Anthropic's Prompt Engineering Tutorial (2024)

Relevance of the Tutorial to Newer Models

  • Several commenters note the tutorial targets Claude 3 models and feels dated for newer “reasoning” / RL-tuned models like Sonnet 4.5.
  • Some chapters (esp. about chain-of-thought and decomposing tasks) are seen as less critical when models autonomously plan, but others argue careful structure still improves results on harder problems.
  • Multiple people want an explicitly updated 2024/2025 version.

Prompt Structure, Output Ordering, and Reasoning Models

  • A key takeaway for some readers: control the order of the model’s output.
    • Ask first for evidence, options, or pros/cons, and only then for a final answer. This reduces “random answer + post‑hoc justification.”
  • There’s debate about “reasoning models”:
    • One view: they’re still just next‑token predictors; ordering still matters and context can still be “poisoned.”
    • Another view: they internally generate and refine intermediate thoughts, so external prompt structure matters less.
    • Middle ground: ordering matters less but still helps on challenging tasks; models “flip‑flop,” and careful output design can nudge them toward better final choices.

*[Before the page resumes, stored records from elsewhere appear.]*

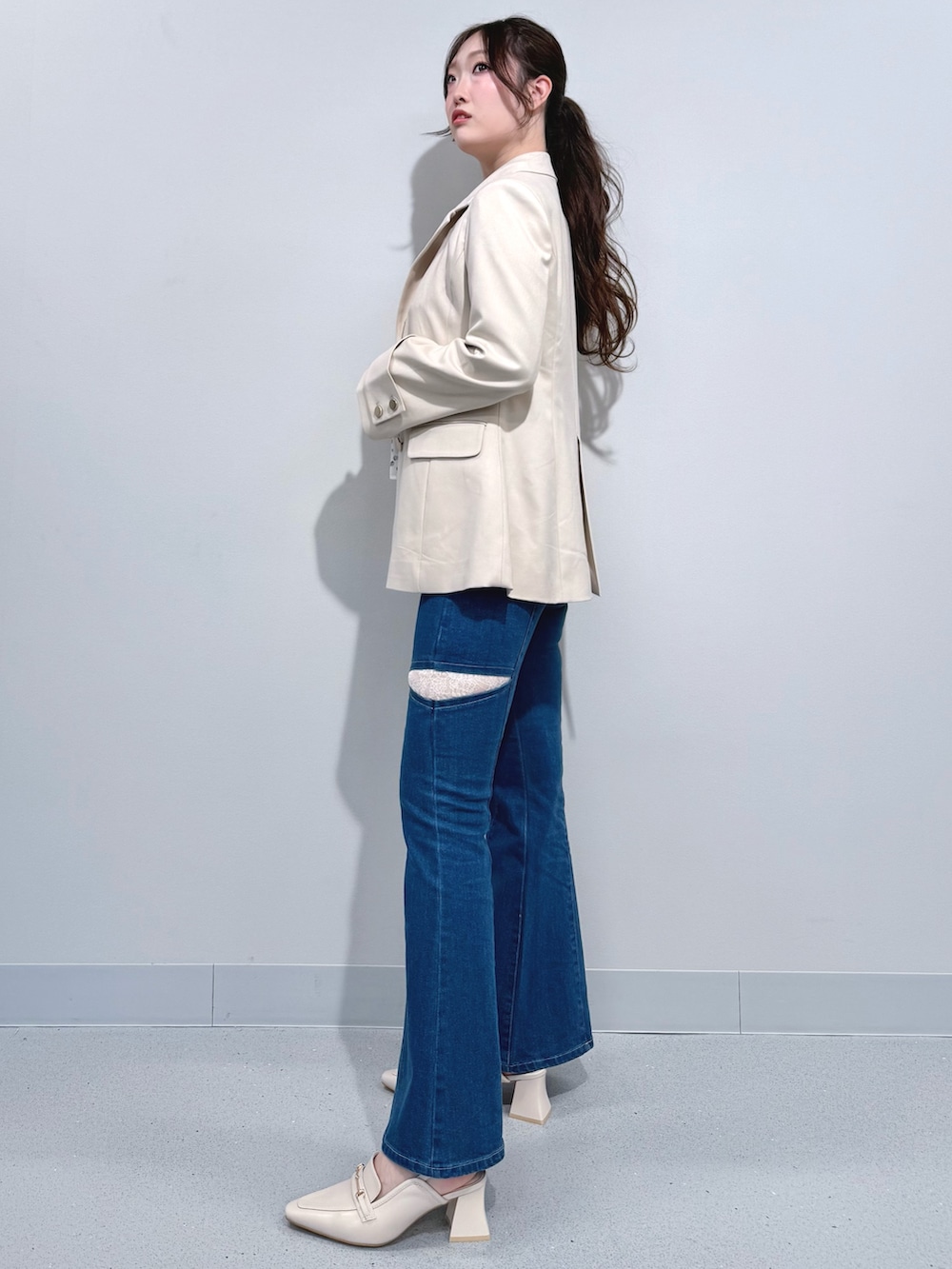 ブルー系のデニムパンツ、ホワイト系のテーラードジャケット、ホワイト系のシャツ/ブラウスを着用したレディースの春コーディネートの2枚目の写真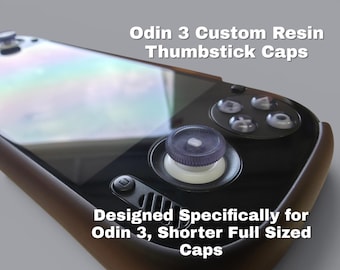 May include: A handheld gaming console featuring Odin 3 Custom Resin Thumbstick Caps. The device has a black front panel, a white thumbstick base, and a textured purple resin cap. Text on the image reads: Odin 3 Custom Resin Thumbstick Caps.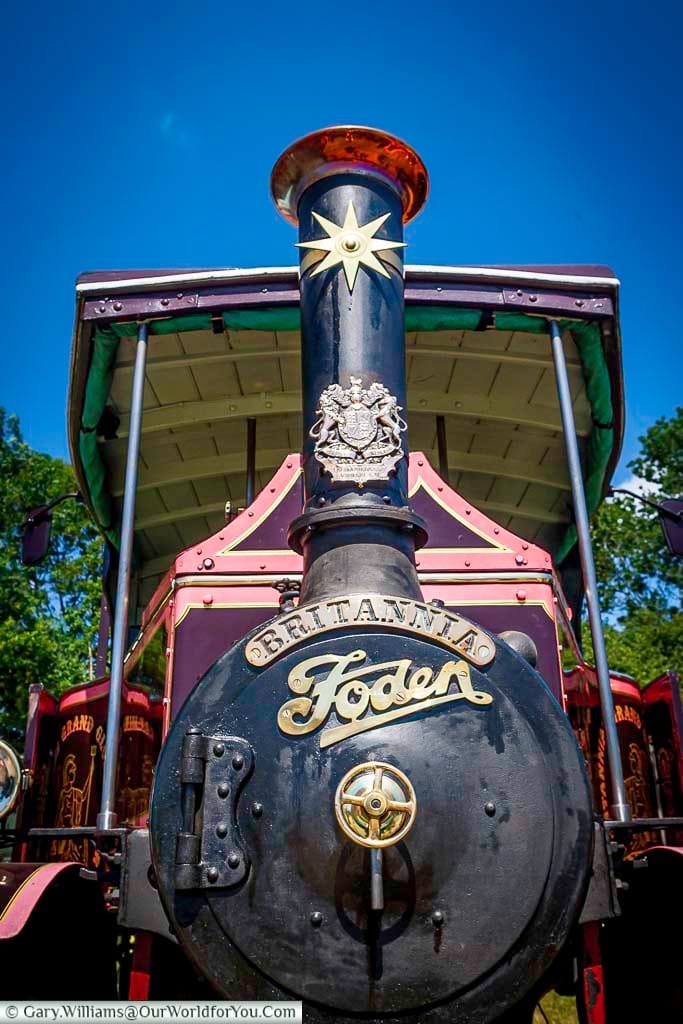 Close-up of the vintage “Britannia” Foden traction engine on display at the Kent County Show, celebrating British engineering heritage. This beautifully preserved steam-powered engine draws crowds at rural events and country fairs across the UK.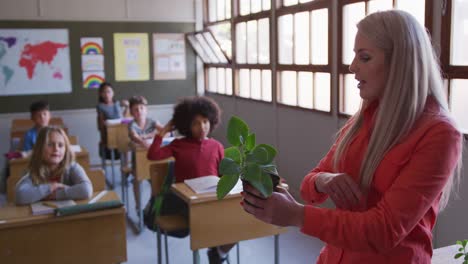 maestra mostrando una maceta de plantas a un grupo de niños en clase en la escuela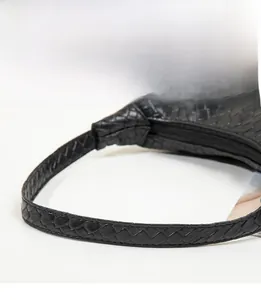 Détail de la texture tressée et de la large bandoulière d'un sac à main noir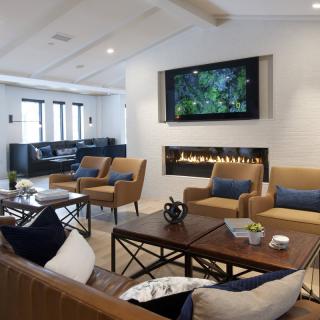 A modern living room featuring comfortable seating, a sleek fireplace, and a large television.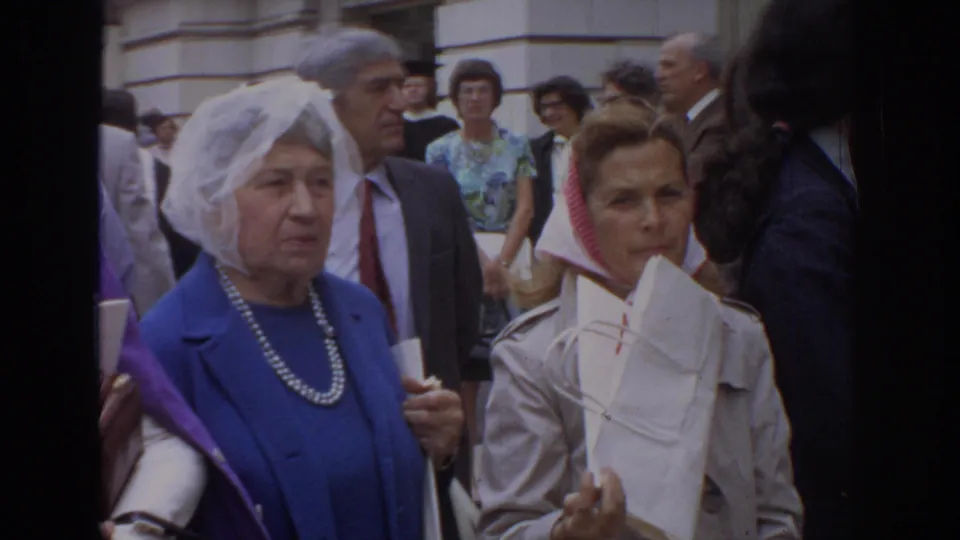 Close handheld 8mm view of a 1972 Philadelphia crowd with women in period attire, suited men, papers, and robe-like garments visible.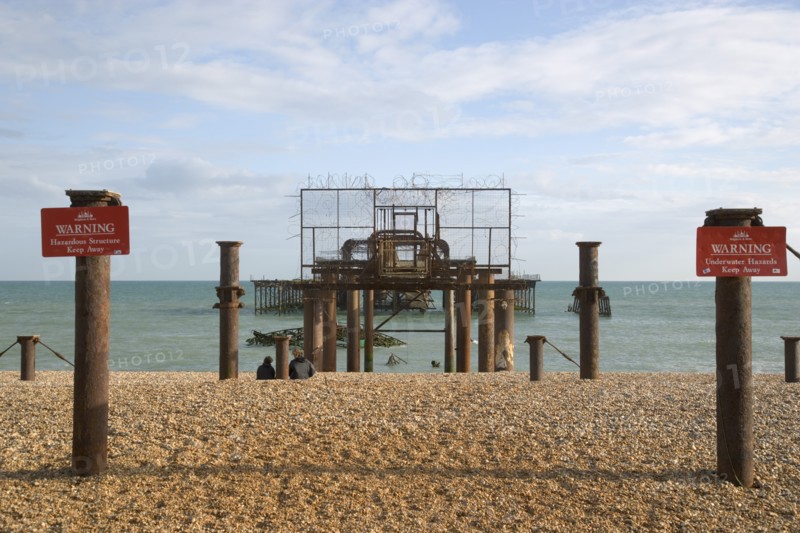 ENGLAND, East Sussex, Brighton, Ruins of the West Pier with warning signs.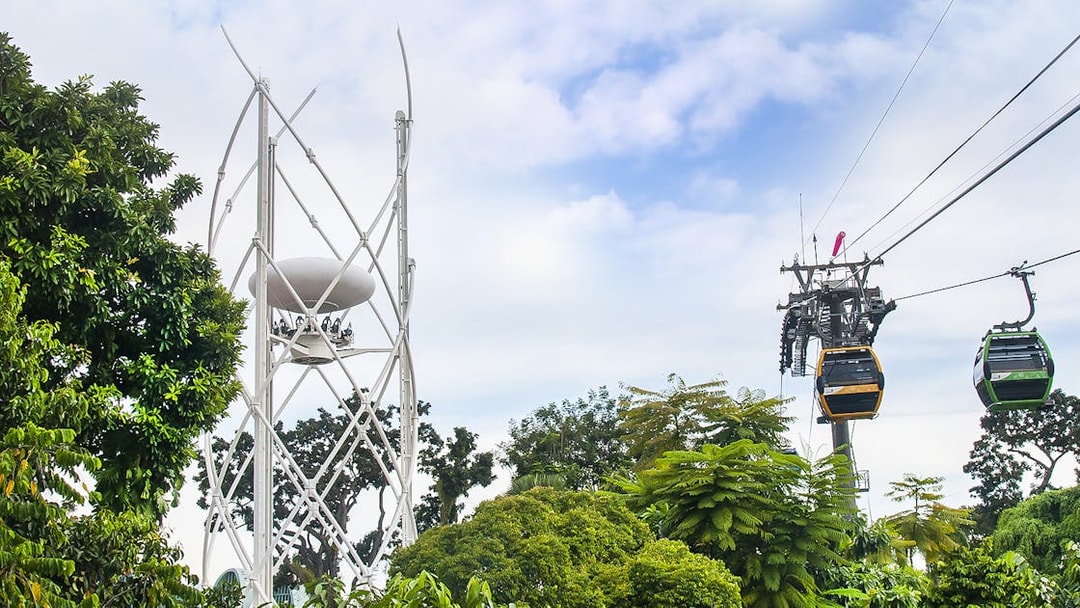 SkyHelix Sentosa and Singapore Cable Car over lush greenery.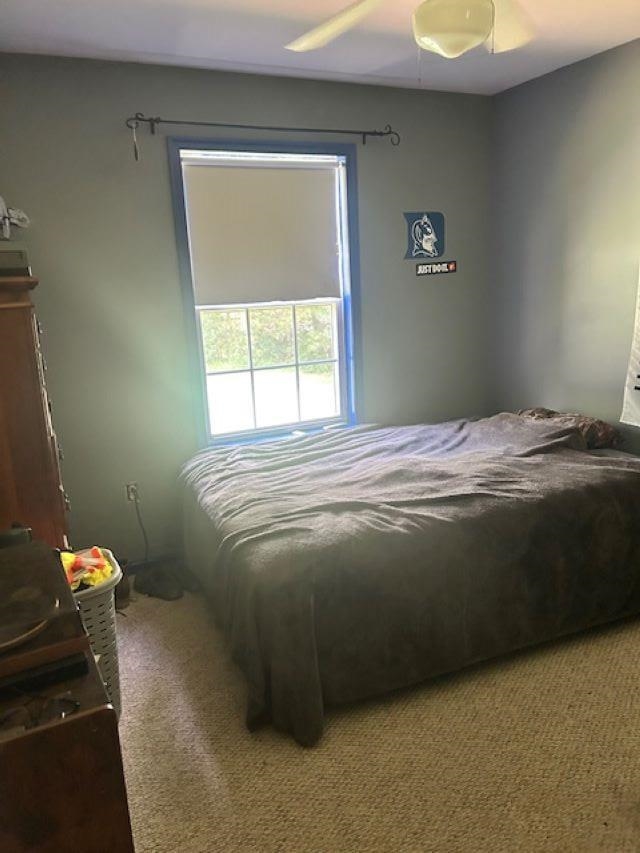 120 Head Of River Road Corbin City, NJ 08270 - Photo 8 of 20 a bedroom with a bed and a window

Grounding, Hallucinations, and Web Use

  • Some people ask models to start with verbatim quotes or references from web sources to ground answers in real docs.
  • Others complain that models still fabricate URLs, documentation, and quotes, and may confidently deny being wrong.

Is “Prompt Engineering” Really Engineering?

  • Large, heated thread on terminology:
    • Critics: “prompt engineering” is mostly trial-and-error “vibe prompting,” easily broken by small model changes and lacking established theory or repeatability; closer to alchemy than engineering.
    • Defenders: engineering routinely deals with randomness, non‑determinism, and changing inputs; with test sets, metrics, statistical validation, and monitoring, prompt work can be rigorous.
    • Some distinguish science (discovering laws) from engineering (applying them), arguing prompt work is still in the pre‑theory, exploratory phase.
    • Others point to broader dictionary senses of “engineering” (artful manipulation, social engineering) to justify the term, while some see this as marketing/ego inflation.

Credentials, Titles, and Professional Responsibility

  • Side discussion on protected “Engineer” titles (e.g., Canadian/PE regimes) vs US-style title inflation (“software engineer,” “front‑end engineer,” “prompt engineer”).
  • Some argue licensing improves safety and accountability; others see it as protectionist or mismatched to software/AI work.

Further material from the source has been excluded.